Write out exactly the lines below from the one containing "Satin Crystals Earrings" to the last, both ends kept, and nothing more; skip all pictures.

### Information provided

************

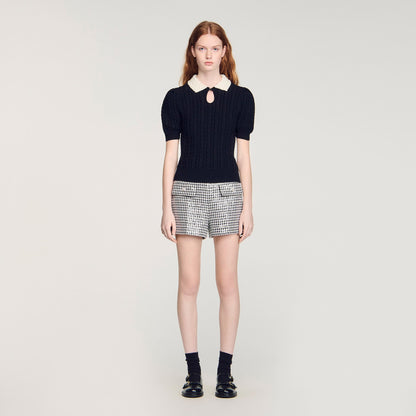 Madine Pearl Collar Cable Knit Jumper Black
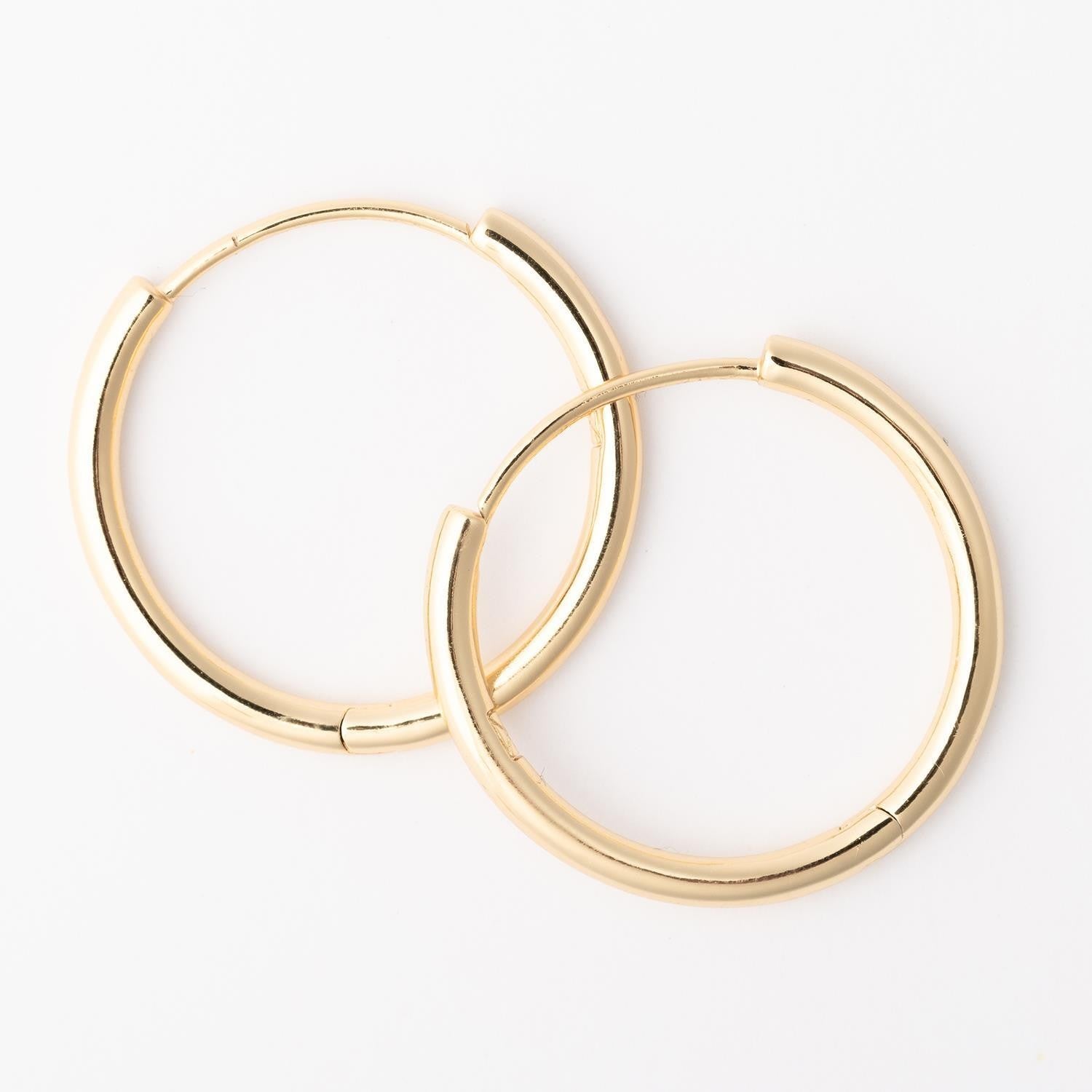 18k gold plated Claire Charm Bar Earrings, customizable with charms, available in three sizes.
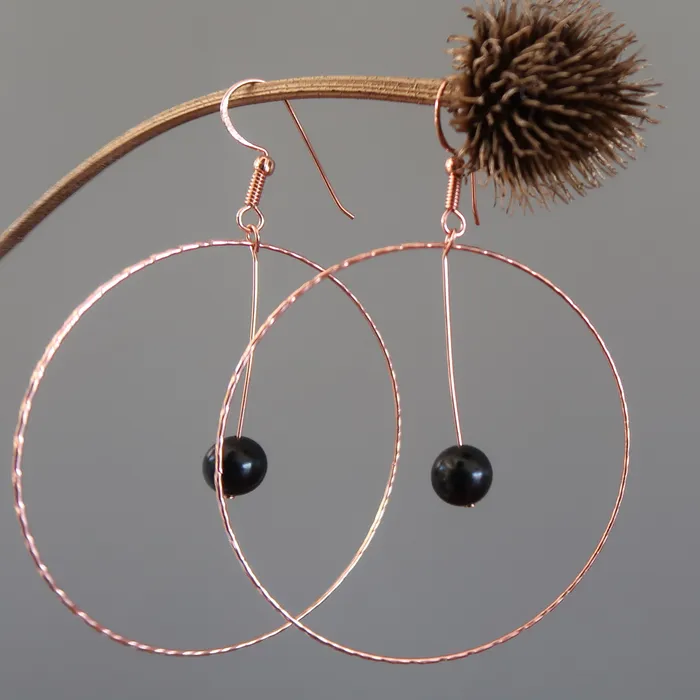 Satin Crystals Earrings Jet Earrings Circle of Confidence Hoop Protection Copper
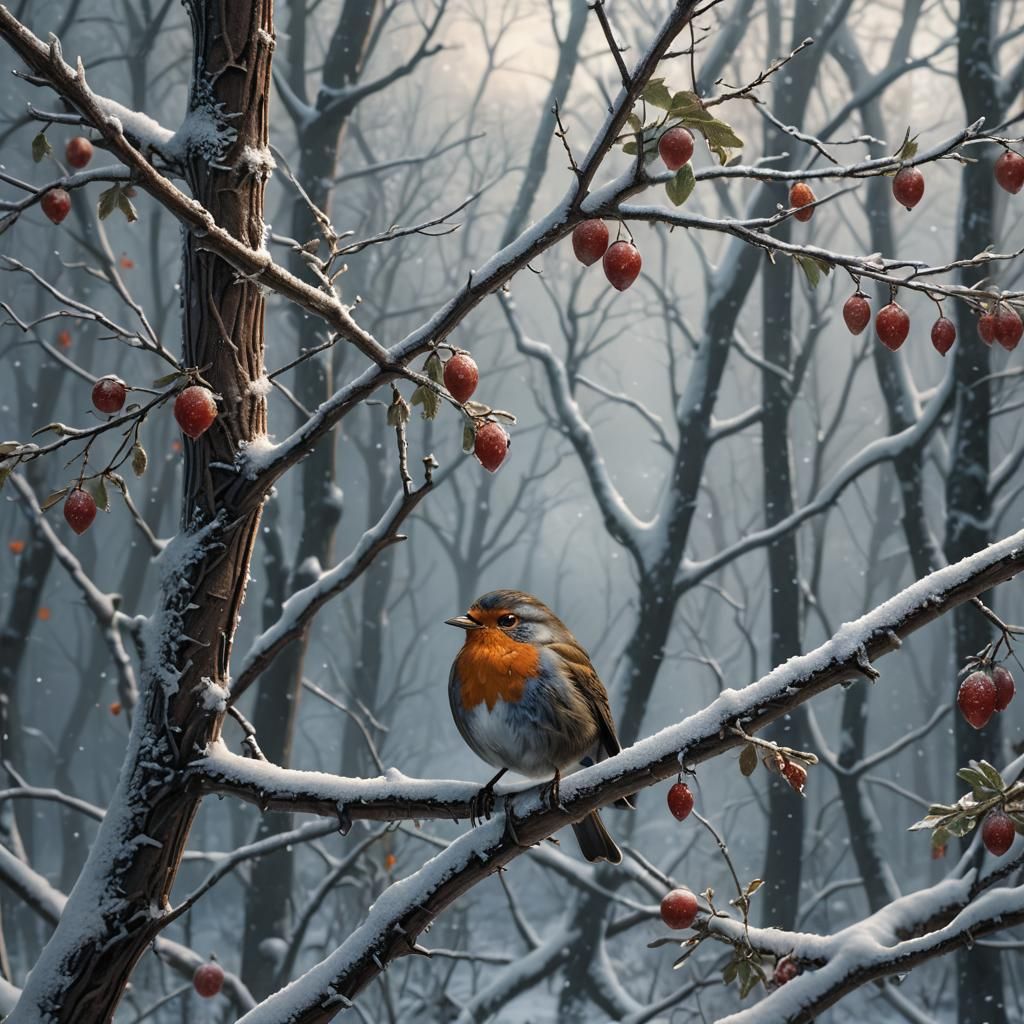 Frozen Robin in Snowy Forest: Digital Matte Painting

************

### Result of the task
 Satin Crystals Earrings Jet Earrings Circle of Confidence Hoop Protection Copper
 Frozen Robin in Snowy Forest: Digital Matte Painting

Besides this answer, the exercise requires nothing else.